▶ TO DO
Give back exactly the lines that run from the beginning of the entries to the line containing "Sotillo De La Adrada to Arcones map", both included, and nothing else.

[Web page caption snippets]

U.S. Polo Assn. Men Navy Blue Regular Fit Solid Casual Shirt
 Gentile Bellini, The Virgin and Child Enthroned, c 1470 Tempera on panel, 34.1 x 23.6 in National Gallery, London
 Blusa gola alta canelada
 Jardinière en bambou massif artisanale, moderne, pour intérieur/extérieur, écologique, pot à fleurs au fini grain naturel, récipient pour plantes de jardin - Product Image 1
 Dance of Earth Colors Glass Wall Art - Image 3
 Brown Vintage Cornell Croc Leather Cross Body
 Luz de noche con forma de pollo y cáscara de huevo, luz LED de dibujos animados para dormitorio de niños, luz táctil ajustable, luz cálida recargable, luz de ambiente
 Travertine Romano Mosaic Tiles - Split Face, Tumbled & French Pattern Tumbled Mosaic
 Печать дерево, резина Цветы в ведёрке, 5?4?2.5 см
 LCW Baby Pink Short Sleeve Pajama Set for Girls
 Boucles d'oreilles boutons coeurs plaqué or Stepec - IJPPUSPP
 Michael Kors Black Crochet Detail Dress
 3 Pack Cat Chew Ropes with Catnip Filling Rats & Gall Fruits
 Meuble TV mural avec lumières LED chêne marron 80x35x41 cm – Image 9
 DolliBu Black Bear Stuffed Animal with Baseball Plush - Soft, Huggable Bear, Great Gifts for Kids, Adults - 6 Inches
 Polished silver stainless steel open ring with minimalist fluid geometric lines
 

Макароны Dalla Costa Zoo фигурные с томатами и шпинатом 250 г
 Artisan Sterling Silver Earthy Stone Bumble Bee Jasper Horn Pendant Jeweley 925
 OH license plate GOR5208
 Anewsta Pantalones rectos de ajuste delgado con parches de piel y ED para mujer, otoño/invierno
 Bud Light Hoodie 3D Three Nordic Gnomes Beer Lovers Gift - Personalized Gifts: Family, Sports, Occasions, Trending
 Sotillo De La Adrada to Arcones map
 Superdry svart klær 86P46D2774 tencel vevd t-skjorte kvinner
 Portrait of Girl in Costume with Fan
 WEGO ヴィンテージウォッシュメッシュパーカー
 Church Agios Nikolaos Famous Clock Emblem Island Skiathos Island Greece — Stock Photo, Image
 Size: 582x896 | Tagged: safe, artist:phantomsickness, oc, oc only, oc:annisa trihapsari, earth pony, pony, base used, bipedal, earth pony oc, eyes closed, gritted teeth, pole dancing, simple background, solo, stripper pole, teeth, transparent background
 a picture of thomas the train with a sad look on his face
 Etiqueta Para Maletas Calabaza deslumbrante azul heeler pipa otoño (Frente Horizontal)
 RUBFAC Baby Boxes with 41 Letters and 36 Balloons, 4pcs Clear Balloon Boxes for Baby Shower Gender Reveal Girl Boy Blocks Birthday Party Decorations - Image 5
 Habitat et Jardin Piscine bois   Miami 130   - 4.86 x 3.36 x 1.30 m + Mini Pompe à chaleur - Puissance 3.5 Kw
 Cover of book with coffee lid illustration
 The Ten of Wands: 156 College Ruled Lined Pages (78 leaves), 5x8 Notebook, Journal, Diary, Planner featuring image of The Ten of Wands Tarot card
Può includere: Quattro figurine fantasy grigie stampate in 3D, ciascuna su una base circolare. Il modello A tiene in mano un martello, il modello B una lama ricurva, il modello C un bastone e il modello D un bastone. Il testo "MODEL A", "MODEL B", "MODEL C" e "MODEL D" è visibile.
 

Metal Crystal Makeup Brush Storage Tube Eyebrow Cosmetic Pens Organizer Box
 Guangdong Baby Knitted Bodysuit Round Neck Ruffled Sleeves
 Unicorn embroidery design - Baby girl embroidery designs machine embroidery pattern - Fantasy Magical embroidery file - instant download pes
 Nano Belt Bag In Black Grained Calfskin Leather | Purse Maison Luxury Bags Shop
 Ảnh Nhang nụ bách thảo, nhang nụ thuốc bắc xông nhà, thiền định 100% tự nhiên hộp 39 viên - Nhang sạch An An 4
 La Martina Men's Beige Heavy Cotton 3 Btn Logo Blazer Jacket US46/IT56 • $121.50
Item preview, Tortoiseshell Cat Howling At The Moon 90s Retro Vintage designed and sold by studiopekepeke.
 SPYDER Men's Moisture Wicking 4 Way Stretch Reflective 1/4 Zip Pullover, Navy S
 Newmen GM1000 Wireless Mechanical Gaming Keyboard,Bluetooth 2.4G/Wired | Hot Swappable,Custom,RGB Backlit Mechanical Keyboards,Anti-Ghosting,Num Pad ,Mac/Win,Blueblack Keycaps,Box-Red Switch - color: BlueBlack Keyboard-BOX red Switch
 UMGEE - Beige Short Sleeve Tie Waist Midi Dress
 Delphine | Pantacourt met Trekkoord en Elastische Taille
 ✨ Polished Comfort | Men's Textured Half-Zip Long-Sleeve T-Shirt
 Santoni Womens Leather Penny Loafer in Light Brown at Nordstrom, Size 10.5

▶ ANSWER TO THE EXERCISE
U.S. Polo Assn. Men Navy Blue Regular Fit Solid Casual Shirt
 Gentile Bellini, The Virgin and Child Enthroned, c 1470 Tempera on panel, 34.1 x 23.6 in National Gallery, London
 Blusa gola alta canelada
 Jardinière en bambou massif artisanale, moderne, pour intérieur/extérieur, écologique, pot à fleurs au fini grain naturel, récipient pour plantes de jardin - Product Image 1
 Dance of Earth Colors Glass Wall Art - Image 3
 Brown Vintage Cornell Croc Leather Cross Body
 Luz de noche con forma de pollo y cáscara de huevo, luz LED de dibujos animados para dormitorio de niños, luz táctil ajustable, luz cálida recargable, luz de ambiente
 Travertine Romano Mosaic Tiles - Split Face, Tumbled & French Pattern Tumbled Mosaic
 Печать дерево, резина Цветы в ведёрке, 5?4?2.5 см
 LCW Baby Pink Short Sleeve Pajama Set for Girls
 Boucles d'oreilles boutons coeurs plaqué or Stepec - IJPPUSPP
 Michael Kors Black Crochet Detail Dress
 3 Pack Cat Chew Ropes with Catnip Filling Rats & Gall Fruits
 Meuble TV mural avec lumières LED chêne marron 80x35x41 cm – Image 9
 DolliBu Black Bear Stuffed Animal with Baseball Plush - Soft, Huggable Bear, Great Gifts for Kids, Adults - 6 Inches
 Polished silver stainless steel open ring with minimalist fluid geometric lines
 

Макароны Dalla Costa Zoo фигурные с томатами и шпинатом 250 г
 Artisan Sterling Silver Earthy Stone Bumble Bee Jasper Horn Pendant Jeweley 925
 OH license plate GOR5208
 Anewsta Pantalones rectos de ajuste delgado con parches de piel y ED para mujer, otoño/invierno
 Bud Light Hoodie 3D Three Nordic Gnomes Beer Lovers Gift - Personalized Gifts: Family, Sports, Occasions, Trending
 Sotillo De La Adrada to Arcones map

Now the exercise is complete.